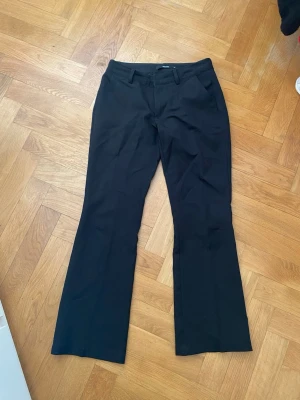 Svarta kostymbyxor - Säljer ett par svarta kostymbyxor bootcut i storlek 34 från bikbok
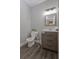 Modern half-bathroom features updated fixtures, gray walls, and dark wood-look floors at 1668 Macy Ln, Lawrenceville, GA 30043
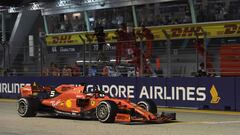 Ferrari&#039;s German driver Sebastian Vettel gestures to his team after winning the Formula One Singapore Grand Prix night race at the Marina Bay Street Circuit in Singapore on September 22, 2019. (Photo by Roslan RAHMAN / AFP)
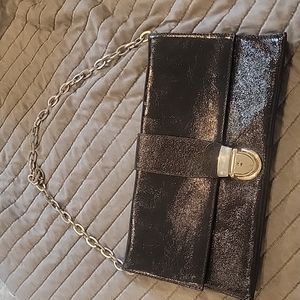 Shiny black patent leather clutch or silver chain shoulder bag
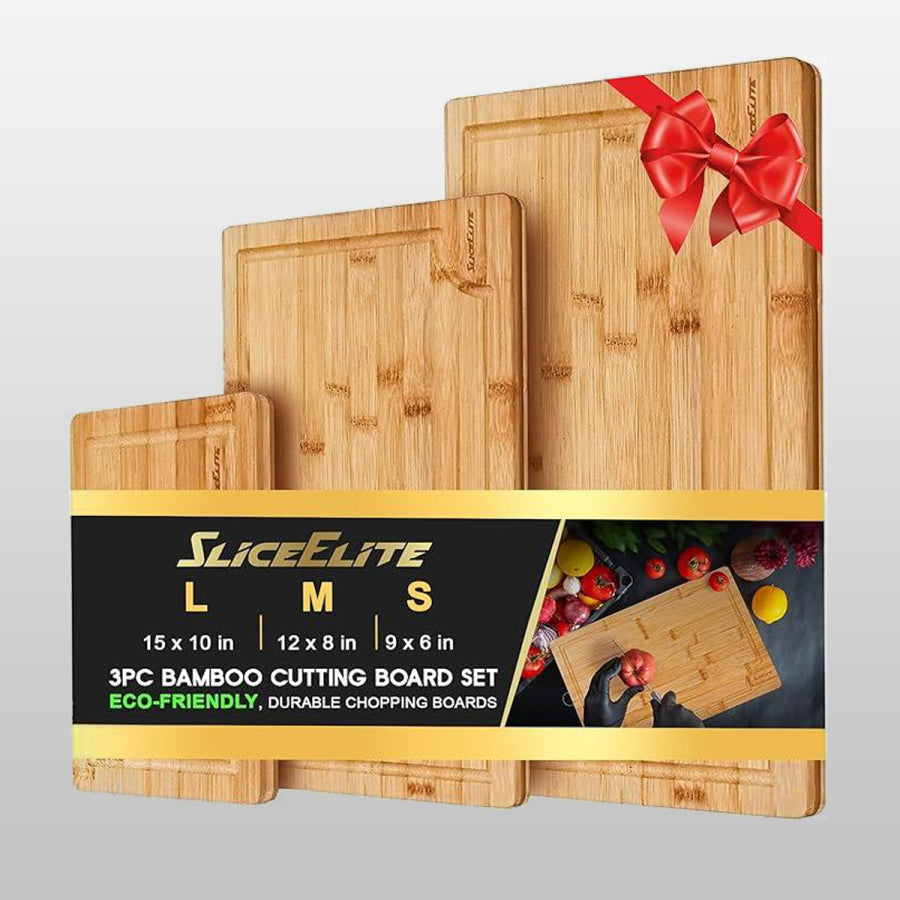 Set of three bamboo cutting boards with a red bow on a gray background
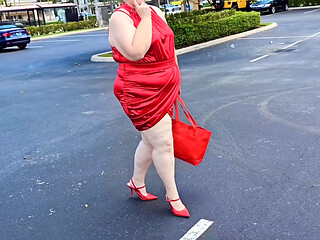 Beautiful woman walking outdoors in public parking lot showing off for strangers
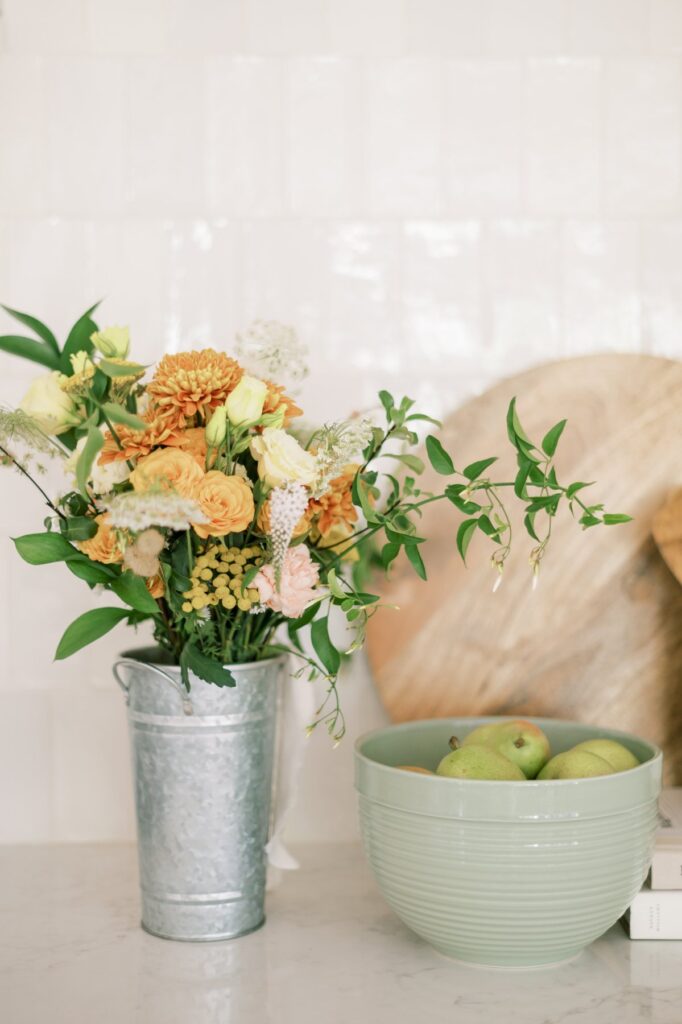 Fresh yellow and white flowers in a metal vase on a kitchen countertop.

----

● YOUR TASK:
Your output should consist solely of the lines from the line containing "Beautiful woman walking" through the end of the data above, copied exactly, with images removed.

● RESPONSE TO THE TASK:
 Beautiful woman walking outdoors in public parking lot showing off for strangers
 Fresh yellow and white flowers in a metal vase on a kitchen countertop.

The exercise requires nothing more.